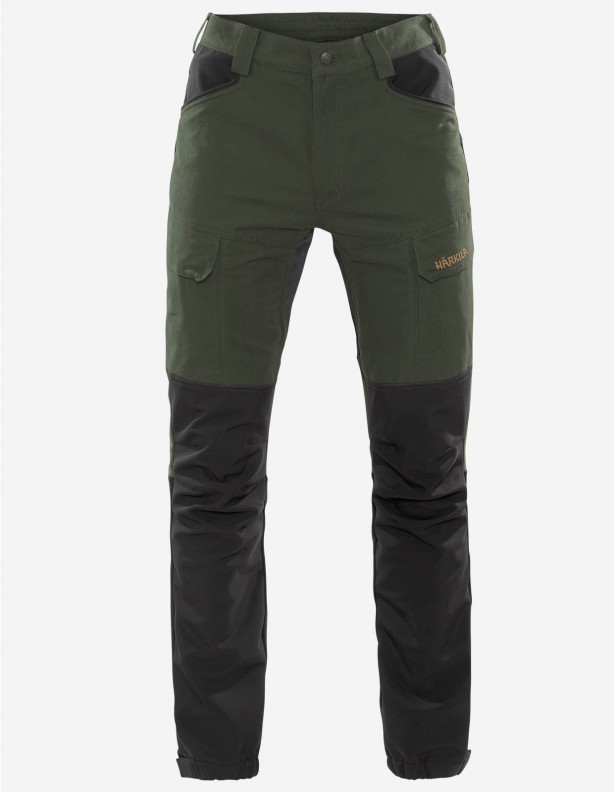 Scandinavian duffel green - letnie spodnie myśliwskie Harkila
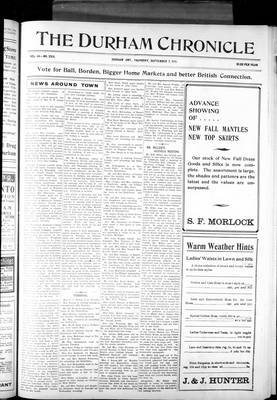 Durham Chronicle (1867), 7 Sep 1911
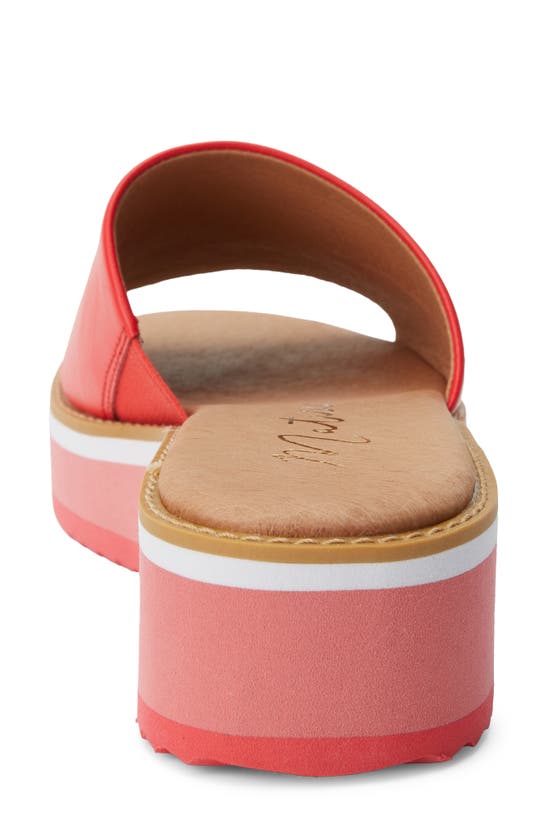 Shop Matisse Jackie Platform Slide Sandal In Red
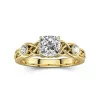 1.00ct Moissanite Engagement Ring 18K Gold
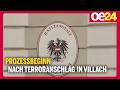 Prozessbeginn nach Terroranschlag in Villach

:::

Locate "Durham Chronicle (1867), 7 Sep 1911" in the entries above. Copy, exactly and only, the lines from that line to the end, leaving out the pictures.

 Durham Chronicle (1867), 7 Sep 1911
 Shop Matisse Jackie Platform Slide Sandal In Red
 1.00ct Moissanite Engagement Ring 18K Gold
 Prozessbeginn nach Terroranschlag in Villach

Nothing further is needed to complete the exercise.